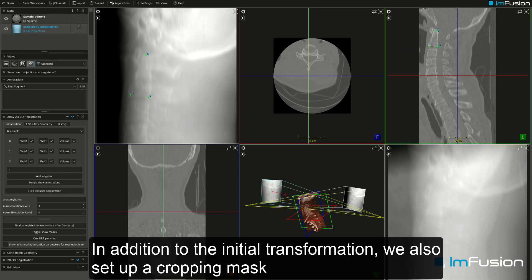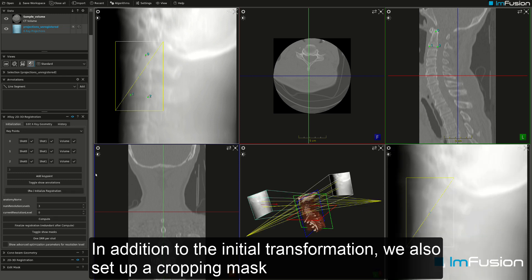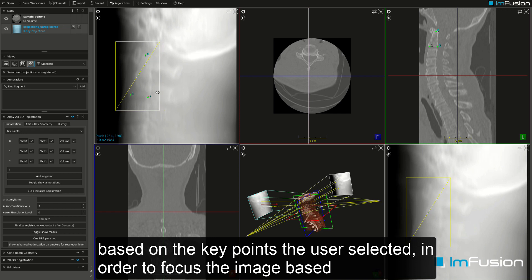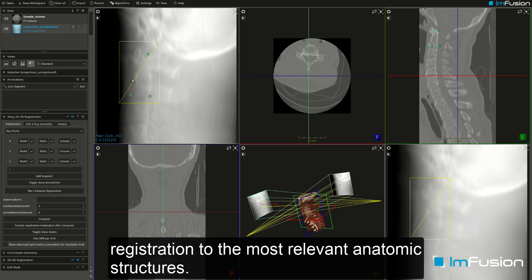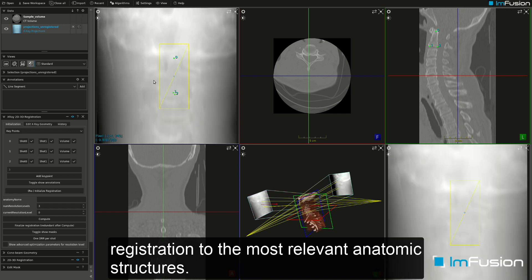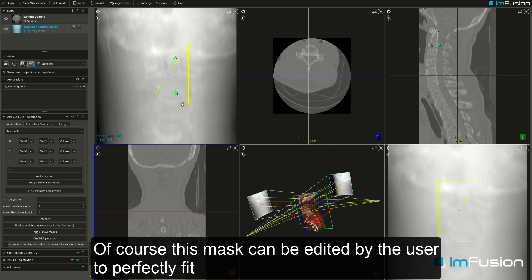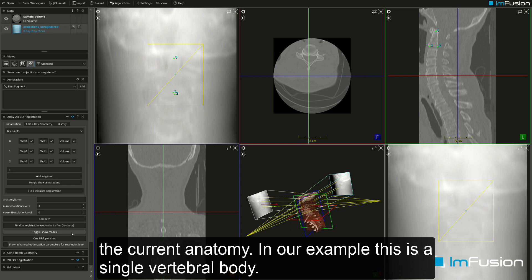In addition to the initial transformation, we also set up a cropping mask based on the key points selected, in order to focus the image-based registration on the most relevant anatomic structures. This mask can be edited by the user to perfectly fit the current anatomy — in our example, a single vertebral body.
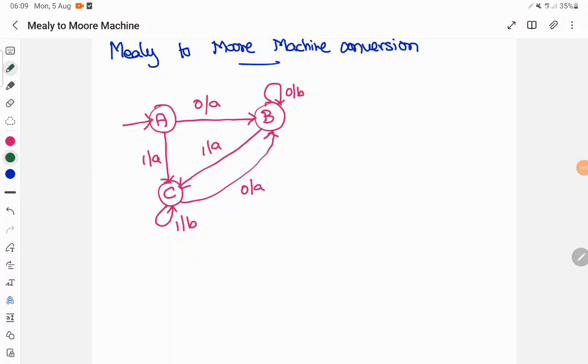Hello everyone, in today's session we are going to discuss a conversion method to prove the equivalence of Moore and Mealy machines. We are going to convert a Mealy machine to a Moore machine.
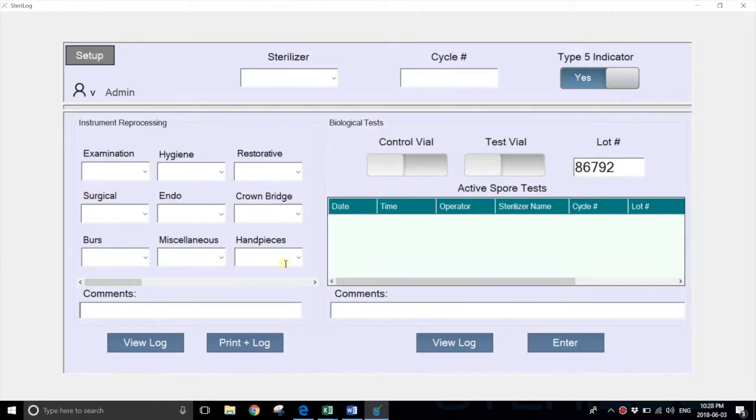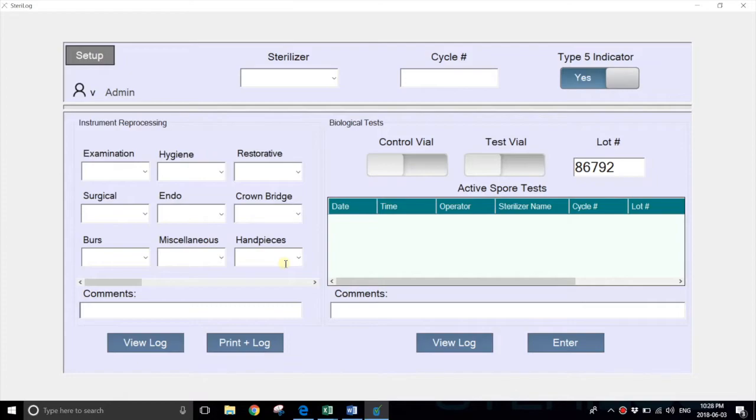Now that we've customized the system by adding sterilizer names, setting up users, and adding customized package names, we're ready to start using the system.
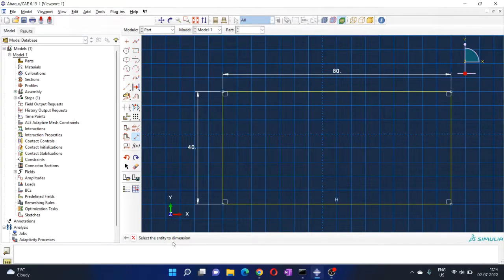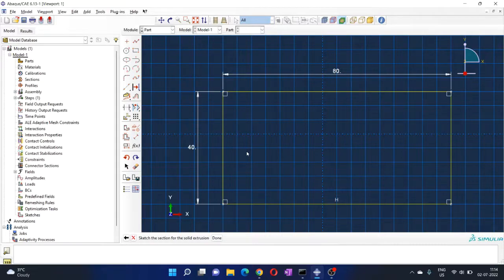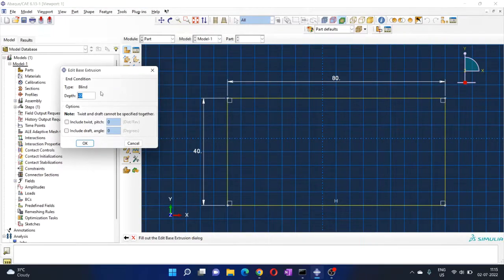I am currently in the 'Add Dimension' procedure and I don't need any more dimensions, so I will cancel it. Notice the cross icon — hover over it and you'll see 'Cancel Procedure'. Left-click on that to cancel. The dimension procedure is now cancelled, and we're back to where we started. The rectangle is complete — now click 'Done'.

· · · · · · ·

• [What you have to do]: Reproduce the data above in full, exactly as it is, with the pictures left out.

• [Task solution]:
In addition to the initial transformation, we also set up a cropping mask based on the key points selected, in order to focus the image-based registration on the most relevant anatomic structures. This mask can be edited by the user to perfectly fit the current anatomy — in our example, a single vertebral body.
Hello everyone, in today's session we are going to discuss a conversion method to prove the equivalence of Moore and Mealy machines. We are going to convert a Mealy machine to a Moore machine.
Now that we've customized the system by adding sterilizer names, setting up users, and adding customized package names, we're ready to start using the system.
I am currently in the 'Add Dimension' procedure and I don't need any more dimensions, so I will cancel it. Notice the cross icon — hover over it and you'll see 'Cancel Procedure'. Left-click on that to cancel. The dimension procedure is now cancelled, and we're back to where we started. The rectangle is complete — now click 'Done'.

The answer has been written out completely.